I tried playing Teen Town by Jaco on it, I have never played it so well ever as I did then. Hell, it felt like I was the new Jaco


----------



## vampiregenocide (Feb 24, 2012)

The higher end warwicks are obviously way better than the lower end 'rockbass' models. You really notice the jump in quality without even plugging them in. That being said, they have a few mid-range models that are made in Korea and these are pretty high quality and play great.


----------



## Murmel (Feb 24, 2012)

Yeah I'm talking more about the middle range MIK Warwicks. Not interested in the really low-end. Probably should've mentioned that 

I didn't even plug this one in, but it just oozed quality.

Edit: Looking around for Warwick prices I noticed that the MIK ones are pretty pricey too. The $$ series seems to get some praise though. Or perhaps that's just the MIG $$ series?
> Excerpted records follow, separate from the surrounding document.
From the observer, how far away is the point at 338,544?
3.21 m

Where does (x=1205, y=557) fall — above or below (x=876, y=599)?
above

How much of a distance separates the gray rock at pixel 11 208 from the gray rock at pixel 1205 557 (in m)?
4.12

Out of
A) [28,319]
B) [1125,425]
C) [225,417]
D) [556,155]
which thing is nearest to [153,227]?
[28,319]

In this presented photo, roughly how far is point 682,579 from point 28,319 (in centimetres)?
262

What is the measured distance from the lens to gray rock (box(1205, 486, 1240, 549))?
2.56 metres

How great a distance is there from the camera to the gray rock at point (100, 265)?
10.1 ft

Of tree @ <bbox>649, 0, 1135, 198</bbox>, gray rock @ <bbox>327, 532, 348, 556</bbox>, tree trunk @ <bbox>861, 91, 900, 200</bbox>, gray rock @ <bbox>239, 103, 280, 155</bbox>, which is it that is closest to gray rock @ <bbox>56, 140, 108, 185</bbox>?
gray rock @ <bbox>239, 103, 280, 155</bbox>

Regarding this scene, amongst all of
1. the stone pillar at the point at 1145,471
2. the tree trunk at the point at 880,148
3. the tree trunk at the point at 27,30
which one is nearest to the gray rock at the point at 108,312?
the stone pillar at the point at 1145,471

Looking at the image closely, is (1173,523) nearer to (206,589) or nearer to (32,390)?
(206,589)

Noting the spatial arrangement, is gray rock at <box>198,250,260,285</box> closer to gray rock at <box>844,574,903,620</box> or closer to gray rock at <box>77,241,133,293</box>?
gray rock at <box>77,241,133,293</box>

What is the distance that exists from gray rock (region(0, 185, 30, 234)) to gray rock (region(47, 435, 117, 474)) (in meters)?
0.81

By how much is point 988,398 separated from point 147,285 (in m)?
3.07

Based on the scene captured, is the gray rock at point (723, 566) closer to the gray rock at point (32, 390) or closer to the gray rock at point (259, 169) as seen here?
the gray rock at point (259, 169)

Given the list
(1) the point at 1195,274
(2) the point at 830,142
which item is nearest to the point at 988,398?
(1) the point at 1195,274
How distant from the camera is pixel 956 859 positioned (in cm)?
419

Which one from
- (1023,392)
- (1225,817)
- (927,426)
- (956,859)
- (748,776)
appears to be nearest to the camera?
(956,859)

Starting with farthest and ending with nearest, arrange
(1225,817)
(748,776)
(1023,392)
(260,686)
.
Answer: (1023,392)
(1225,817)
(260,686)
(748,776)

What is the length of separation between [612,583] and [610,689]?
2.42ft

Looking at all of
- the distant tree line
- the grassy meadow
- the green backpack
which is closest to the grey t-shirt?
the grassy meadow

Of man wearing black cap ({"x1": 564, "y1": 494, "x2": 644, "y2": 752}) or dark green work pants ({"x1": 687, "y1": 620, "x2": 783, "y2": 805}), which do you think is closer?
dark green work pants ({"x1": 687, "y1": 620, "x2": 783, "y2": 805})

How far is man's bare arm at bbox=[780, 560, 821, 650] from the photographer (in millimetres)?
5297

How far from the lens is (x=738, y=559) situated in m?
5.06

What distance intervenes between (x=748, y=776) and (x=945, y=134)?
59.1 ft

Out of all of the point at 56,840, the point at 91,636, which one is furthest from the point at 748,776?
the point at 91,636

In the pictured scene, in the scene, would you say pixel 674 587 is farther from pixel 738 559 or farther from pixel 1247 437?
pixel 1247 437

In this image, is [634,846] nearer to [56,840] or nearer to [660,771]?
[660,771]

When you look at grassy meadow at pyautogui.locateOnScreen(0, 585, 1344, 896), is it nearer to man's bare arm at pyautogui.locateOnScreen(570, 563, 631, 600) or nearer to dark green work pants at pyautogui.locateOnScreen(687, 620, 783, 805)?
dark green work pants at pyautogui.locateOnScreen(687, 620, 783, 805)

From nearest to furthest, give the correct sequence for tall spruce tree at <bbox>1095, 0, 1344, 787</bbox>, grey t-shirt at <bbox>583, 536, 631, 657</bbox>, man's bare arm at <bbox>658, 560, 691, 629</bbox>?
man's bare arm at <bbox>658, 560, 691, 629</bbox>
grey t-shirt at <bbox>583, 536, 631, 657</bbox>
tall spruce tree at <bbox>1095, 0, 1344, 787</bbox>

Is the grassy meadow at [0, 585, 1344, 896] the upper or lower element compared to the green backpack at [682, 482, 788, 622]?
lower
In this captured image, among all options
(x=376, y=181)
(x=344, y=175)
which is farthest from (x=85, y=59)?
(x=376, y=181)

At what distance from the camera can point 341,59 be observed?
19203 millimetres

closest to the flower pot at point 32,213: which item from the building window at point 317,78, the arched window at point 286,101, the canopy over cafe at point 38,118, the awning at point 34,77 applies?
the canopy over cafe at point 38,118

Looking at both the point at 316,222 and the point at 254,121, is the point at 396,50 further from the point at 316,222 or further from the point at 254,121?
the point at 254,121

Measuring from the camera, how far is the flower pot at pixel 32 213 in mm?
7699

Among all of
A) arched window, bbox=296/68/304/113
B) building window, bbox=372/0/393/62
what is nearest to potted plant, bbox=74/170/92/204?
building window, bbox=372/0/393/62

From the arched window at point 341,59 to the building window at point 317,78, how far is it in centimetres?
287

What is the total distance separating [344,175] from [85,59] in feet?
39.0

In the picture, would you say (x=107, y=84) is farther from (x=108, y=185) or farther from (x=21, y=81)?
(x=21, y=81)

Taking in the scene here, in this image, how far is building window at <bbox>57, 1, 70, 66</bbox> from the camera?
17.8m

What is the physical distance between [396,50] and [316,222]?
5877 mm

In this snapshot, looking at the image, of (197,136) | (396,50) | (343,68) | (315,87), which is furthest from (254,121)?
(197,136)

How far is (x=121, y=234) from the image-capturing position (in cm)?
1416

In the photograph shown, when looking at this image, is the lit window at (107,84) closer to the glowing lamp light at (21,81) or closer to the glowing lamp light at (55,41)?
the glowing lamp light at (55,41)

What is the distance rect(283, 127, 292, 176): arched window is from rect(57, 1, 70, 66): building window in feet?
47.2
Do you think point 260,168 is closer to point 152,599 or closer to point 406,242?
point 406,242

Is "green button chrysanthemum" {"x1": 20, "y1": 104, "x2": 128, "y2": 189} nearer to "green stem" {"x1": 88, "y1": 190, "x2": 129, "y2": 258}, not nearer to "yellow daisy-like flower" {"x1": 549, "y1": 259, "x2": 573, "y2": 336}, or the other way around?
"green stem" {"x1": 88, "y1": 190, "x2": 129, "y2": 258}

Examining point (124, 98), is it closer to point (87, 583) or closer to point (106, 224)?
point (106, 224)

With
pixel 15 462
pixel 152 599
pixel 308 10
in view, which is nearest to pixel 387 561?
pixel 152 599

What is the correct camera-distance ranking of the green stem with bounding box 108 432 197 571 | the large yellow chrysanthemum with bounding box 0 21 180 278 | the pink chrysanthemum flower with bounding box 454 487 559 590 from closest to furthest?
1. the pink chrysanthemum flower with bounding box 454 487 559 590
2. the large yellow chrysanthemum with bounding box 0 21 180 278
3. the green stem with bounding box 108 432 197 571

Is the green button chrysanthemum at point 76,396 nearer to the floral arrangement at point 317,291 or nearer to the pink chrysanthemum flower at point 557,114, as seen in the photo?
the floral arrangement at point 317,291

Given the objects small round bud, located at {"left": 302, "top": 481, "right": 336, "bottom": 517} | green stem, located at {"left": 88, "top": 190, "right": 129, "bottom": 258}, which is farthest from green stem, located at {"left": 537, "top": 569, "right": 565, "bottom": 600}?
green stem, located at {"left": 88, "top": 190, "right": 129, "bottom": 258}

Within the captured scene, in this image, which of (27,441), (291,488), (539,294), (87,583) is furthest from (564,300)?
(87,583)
Edit2: I just realised that the MIC $$ series are also in the Rockbass series, I suck at reading


----------



## vampiregenocide (Feb 24, 2012)

Haha well the Korean ones are pretty good to be honest. I've not had enough time with them to make any solid comparisons, but I was impressed by the one I played. Tone wise it was perfect for me.


----------



## Bevo (Feb 24, 2012)

Last year I wanted a new bass and nothing really stood out. For me the best way to find out was to rent a bunch and that really opened my eyes to the quality and tone once you live with it for a week.

Around that time I stopped by a shop to look around and found a bit different Warwick, a Dolphin. This one has different woods in it and was pretty frigging cool!
It was brand new and regular $3,000 but had been sitting around for over a year so they were blowing it out at $1,200..I grabbed that sucker up!

I find they have a different feel, tone and method of construction that make them better to me, kinda like a fine german car.

http://www.basscentral.com/warwick/dolphins.shtml


----------



## iron blast (Feb 24, 2012)

I am so jealous I want a dolphin so bad


----------



## Murmel (Feb 25, 2012)

Upon further investigation, I've concluded that it must've been a Fortress One I played.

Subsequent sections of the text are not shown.